Jack was born 1 April 1930 in Huron, South Dakota, and lived in that state until his family moved to Anacortes, Washington, in 1938. His postsecondary education was undertaken first at Western Washington College in Bellingham and then at Oregon State College, Corvallis. There he earned his undergraduate and graduate degrees, completing his PhD in 1957 on culture and autecology of Aphanizomenon flos-aquae, under the direction of Prof. Harry K. Phinney.
Jack's focus on microalgae continued, with emphasis on culturing, during several postdoctoral appointments: Woods Hole Oceanographic Institution (Massachusetts, 1957-1959), the Haskins Laboratory (New York, 1959) and the National Research Council of Canada (NRC) in Ottawa (1959-1960). In 1961, Jack took up a continuing position at the NRC's Atlantic Regional Laboratory (ARL) in Halifax, Nova Scotia, where he remained until 1991, retiring as a Principal Research Officer. It was early in his time in Halifax that Jack and Dorice, whom he had married in 1951. He realized that this was home for the long term and Jack acquired Canadian citizenship.

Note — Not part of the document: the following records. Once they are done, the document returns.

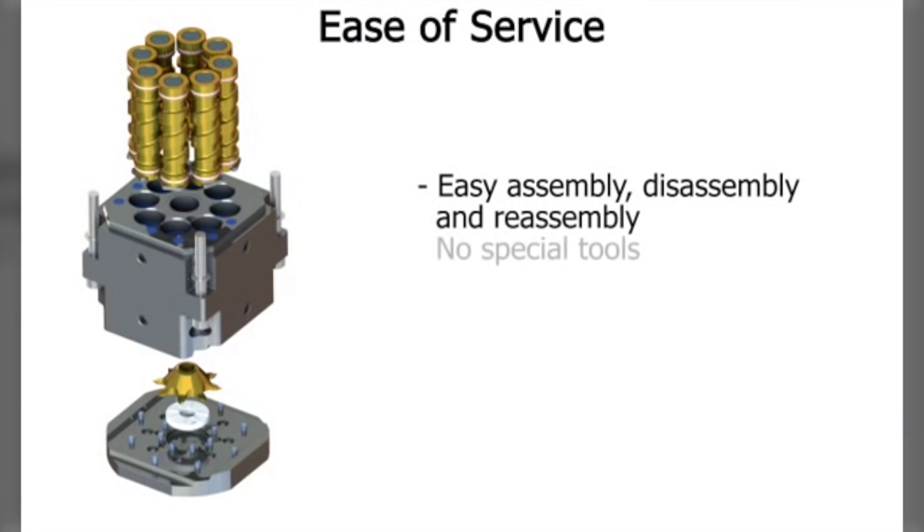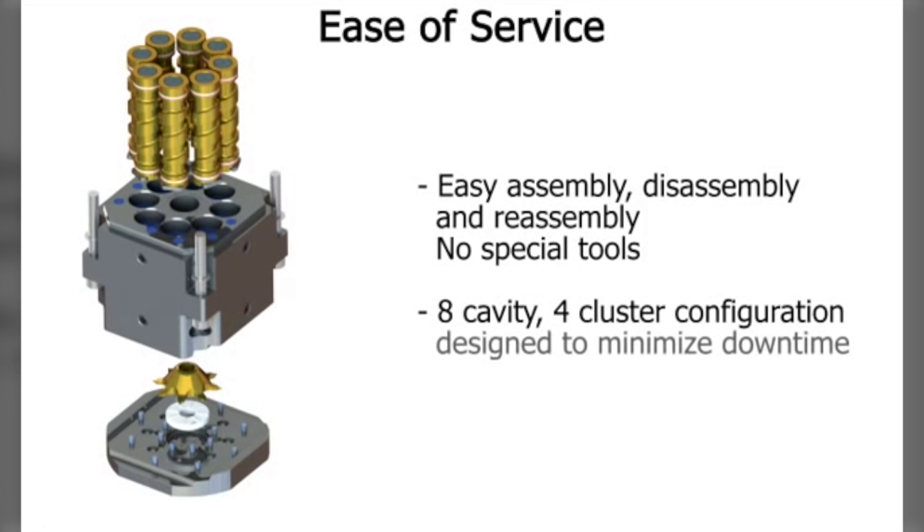The mold features a modular design and construction that allows its easy assembly and disassembly with no special tools or fixtures. Major components such as the cavity and core pin clusters are mounted in four sections of eight cavity positions each. This allows rapid removal and replacement of key components, reducing downtime of the mold.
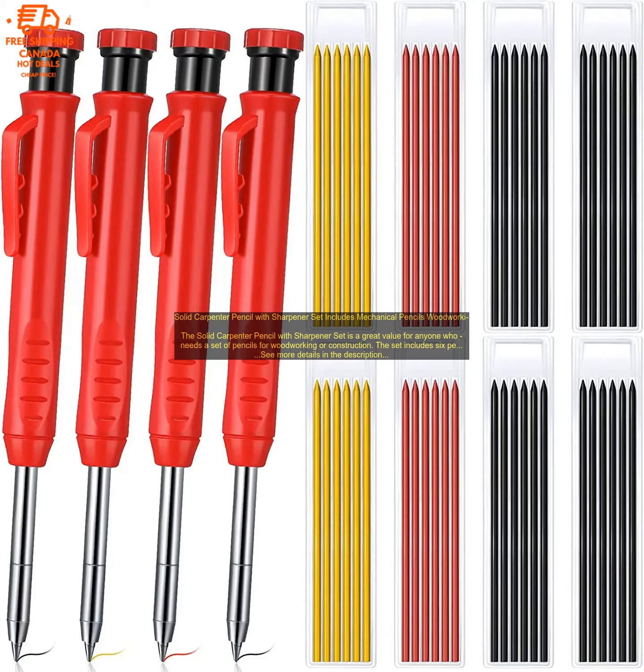Overall, the Solid Carpenter Pencil with Sharpener Set is a great value for anyone who needs a set of pencils for woodworking or construction. The pencils are high quality and durable, and the sharpener is easy to use and keeps the pencils sharp.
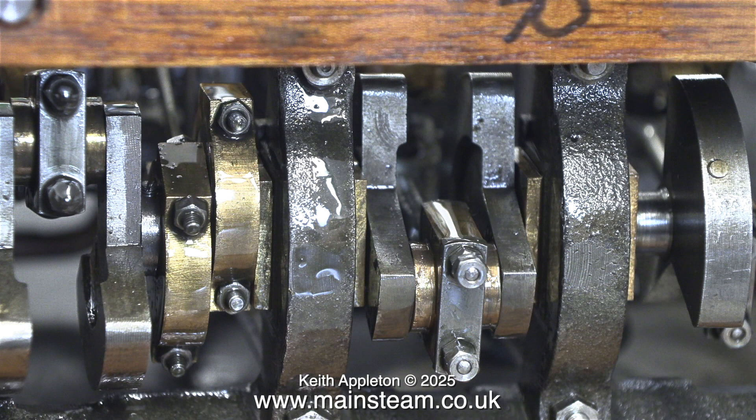I mentioned in the previous video that the owner of the engine is not bothered if it doesn't run in reverse, which saves me a lot of work. I was going to have to make a complete new set of eccentrics individually adjustable, but now I don't have to do that.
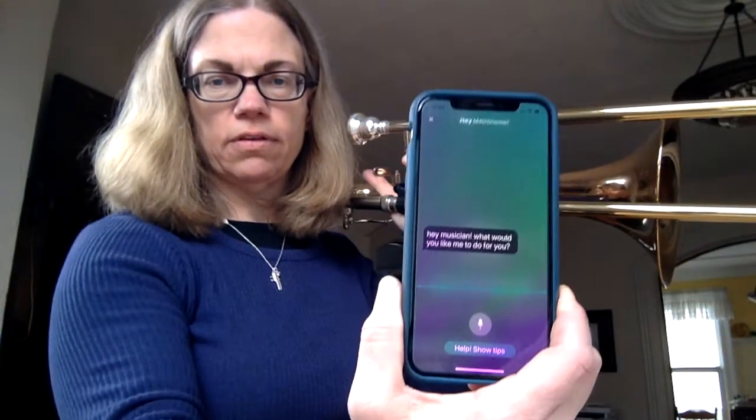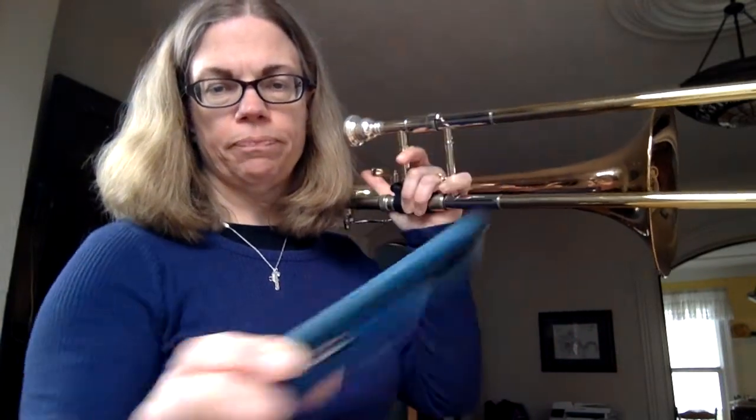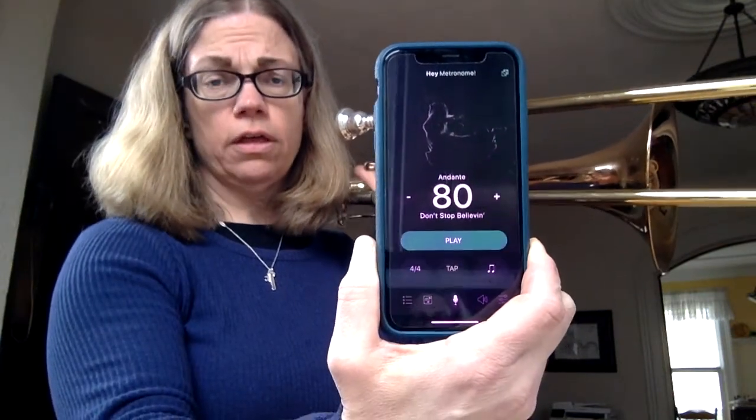Next song to try is We Will Rock You. I'm using a different metronome called Hey Metronome that likes to ask what it can do for me. Play song at 80 beats per minute. I'm going to use the background track for the Journey song Don't Stop Believin', but we're actually going to play We Will Rock You along with this.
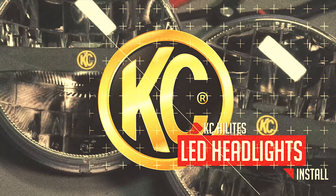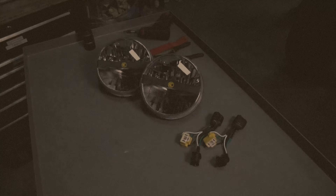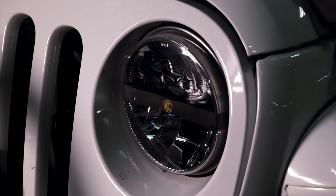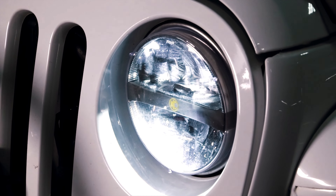KC LED replacement headlights provide a dramatic improvement in lighting performance and nighttime vision. State of the art optics and diode technology provide a crisp beam with a wider, more even pattern and a color temperature that closely matches natural daylight.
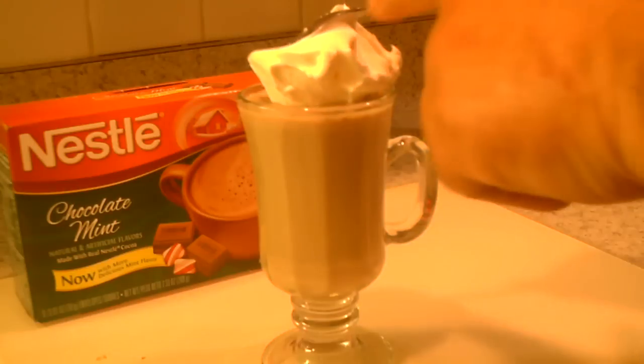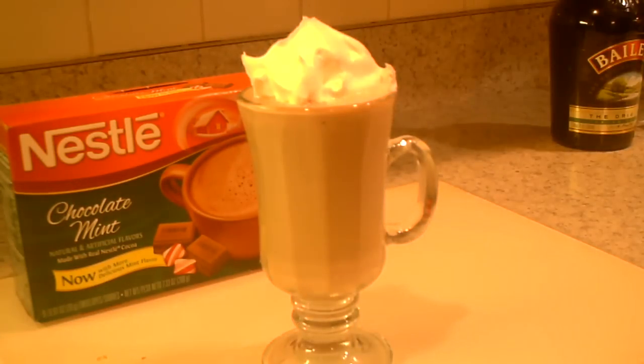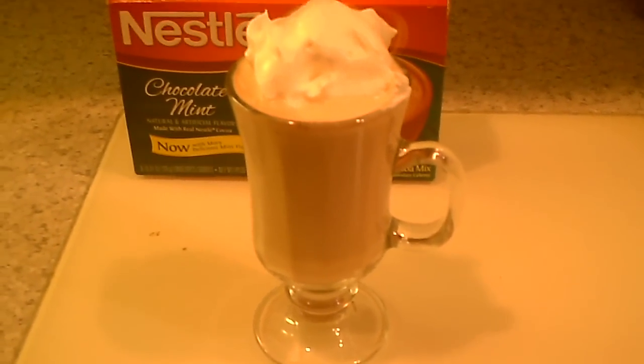I'm going to garnish it with some whipped cream — or in this case, whipped topping. And there you have it guys: an Irish hot cocoa mint.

In Halifax, Jack initially continued to work with microalgae, in company with Drs James S. Craigie and G.H. Neil Towers, but he soon shifted into macroalgae (seaweeds) in response to a major initiative begun by the then-Director, Dr Arthur C. Neish. Armed with the princely sum of $500, Jack began investigations of intertidal and near-subtidal seaweeds of the region and founded the laboratory's marine algal herbarium (NRCC, now held at the Nova Scotia Museum of Natural History, NSPM). However, he never abandoned his interest in microalgae - study leave during 1967 at the laboratory of the Marine Biological Association of the UK, in Plymouth, produced publications on both Platymonas and seaweeds of Britain - and microalgae were to return to the forefront of his research in later years at the NRC. Joined during the 1960s by Dr Tikvah Edelstein (1964), Lawrence C.-M. Chen (1967) and Carolyn Bird (1969), Jack became Section Head of a group centred on floristics, life history and culture of northwestern Atlantic seaweeds. During this time he determined the nutritional requirements of fucoids and other marine algae and formulated...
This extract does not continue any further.